In [0]:
import os, re

# 현재 노트북 기준 repo 루트 계산
nb_path = dbutils.notebook.entry_point.getDbutils().notebook().getContext().notebookPath().get()
repo_ws_root = "/".join(nb_path.split("/")[:4])     # /Repos/<user>/<repo>
repo_fs_root = f"/Workspace{repo_ws_root}"          # /Workspace/Repos/<user>/<repo>

# 변환 결과를 저장할 폴더 (repo 안)
# -> 여기 아래는 "진짜 .py" 파일들만 존재하게 만들어 import 가능
out_fs_root = f"{repo_fs_root}/materialized_py"
out_ws_root = f"{repo_ws_root}/materialized_py"

def ensure_dir(p):
    os.makedirs(p, exist_ok=True)

def write_file(path, text):
    ensure_dir(os.path.dirname(path))
    with open(path, "w", encoding="utf-8") as f:
        f.write(text)

def strip_notebook_markers(text: str) -> str:
    # Databricks notebook source markers 제거
    lines = text.splitlines()
    out = []
    for ln in lines:
        if ln.startswith("# Databricks notebook source"):
            continue
        if ln.startswith("# COMMAND ----------"):
            continue
        out.append(ln)
    return "\n".join(out).strip() + "\n"

# 패키지로 인식되도록 __init__.py 생성
for p in [
    f"{out_fs_root}",
    f"{out_fs_root}/base",
    f"{out_fs_root}/base/detections",
    f"{out_fs_root}/base/detections/binary",
    f"{out_fs_root}/base/detections/behavioral",
    f"{out_fs_root}/lib",
]:
    ensure_dir(p)
    init_path = f"{p}/__init__.py"
    if not os.path.exists(init_path):
        write_file(init_path, "")

# 원본 룰/라이브러리 복제(노트북 마커 제거해서 저장)
def materialize_folder(rel_src: str):
    src_fs = f"{repo_fs_root}/{rel_src}"
    dst_fs = f"{out_fs_root}/{rel_src}"
    ensure_dir(dst_fs)

    for fname in sorted(os.listdir(src_fs)):
        if not fname.endswith(".py") or fname.startswith("_"):
            continue
        with open(f"{src_fs}/{fname}", "r", encoding="utf-8") as f:
            raw = f.read()
        clean = strip_notebook_markers(raw)
        write_file(f"{dst_fs}/{fname}", clean)
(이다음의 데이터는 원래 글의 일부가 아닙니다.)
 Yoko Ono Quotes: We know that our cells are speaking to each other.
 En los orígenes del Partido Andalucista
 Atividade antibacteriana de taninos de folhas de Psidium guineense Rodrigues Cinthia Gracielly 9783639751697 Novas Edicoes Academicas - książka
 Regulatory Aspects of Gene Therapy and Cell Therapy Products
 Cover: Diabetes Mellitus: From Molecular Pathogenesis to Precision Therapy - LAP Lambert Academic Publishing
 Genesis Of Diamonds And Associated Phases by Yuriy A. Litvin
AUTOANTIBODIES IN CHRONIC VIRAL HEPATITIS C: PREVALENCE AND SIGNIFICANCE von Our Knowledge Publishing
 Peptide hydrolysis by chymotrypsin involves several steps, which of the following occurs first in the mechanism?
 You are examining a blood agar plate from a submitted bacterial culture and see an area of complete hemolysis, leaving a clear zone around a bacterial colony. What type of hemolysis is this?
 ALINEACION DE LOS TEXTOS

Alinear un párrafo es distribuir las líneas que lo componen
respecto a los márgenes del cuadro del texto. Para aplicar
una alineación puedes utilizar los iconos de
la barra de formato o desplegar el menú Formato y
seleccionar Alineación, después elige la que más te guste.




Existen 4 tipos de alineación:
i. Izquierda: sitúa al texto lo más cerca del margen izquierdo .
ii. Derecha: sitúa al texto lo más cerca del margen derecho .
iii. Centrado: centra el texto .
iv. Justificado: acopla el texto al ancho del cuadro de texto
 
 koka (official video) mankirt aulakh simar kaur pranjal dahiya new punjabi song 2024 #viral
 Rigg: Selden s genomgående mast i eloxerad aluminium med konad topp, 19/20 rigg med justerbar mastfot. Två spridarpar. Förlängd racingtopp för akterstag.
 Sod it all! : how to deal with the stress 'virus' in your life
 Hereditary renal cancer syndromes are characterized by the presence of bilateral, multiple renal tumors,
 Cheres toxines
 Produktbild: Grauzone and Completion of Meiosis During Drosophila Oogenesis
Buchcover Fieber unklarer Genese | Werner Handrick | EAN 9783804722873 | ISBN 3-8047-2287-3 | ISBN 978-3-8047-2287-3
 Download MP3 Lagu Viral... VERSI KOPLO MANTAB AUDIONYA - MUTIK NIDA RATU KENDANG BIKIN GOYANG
materialize_folder("base/detections/binary")
materialize_folder("base/detections/behavioral")
materialize_folder("lib")

print("OK: materialized to", out_ws_root)

# rule_registry 업데이트: module_path를 materialized_py 기준으로 바꿈
# 예) base.detections.binary.x  -> materialized_py.base.detections.binary.x
spark.sql("""
UPDATE sandbox.audit_poc.rule_registry
SET module_path = concat('materialized_py.', module_path),
    updated_at = current_timestamp()
WHERE module_path NOT LIKE 'materialized_py.%'
""")

display(spark.sql("SELECT rule_group, COUNT(*) cnt FROM sandbox.audit_poc.rule_registry GROUP BY rule_group ORDER BY rule_group"))
display(spark.sql("SELECT rule_id, module_path, callable_name FROM sandbox.audit_poc.rule_registry ORDER BY rule_group, rule_id LIMIT 20"))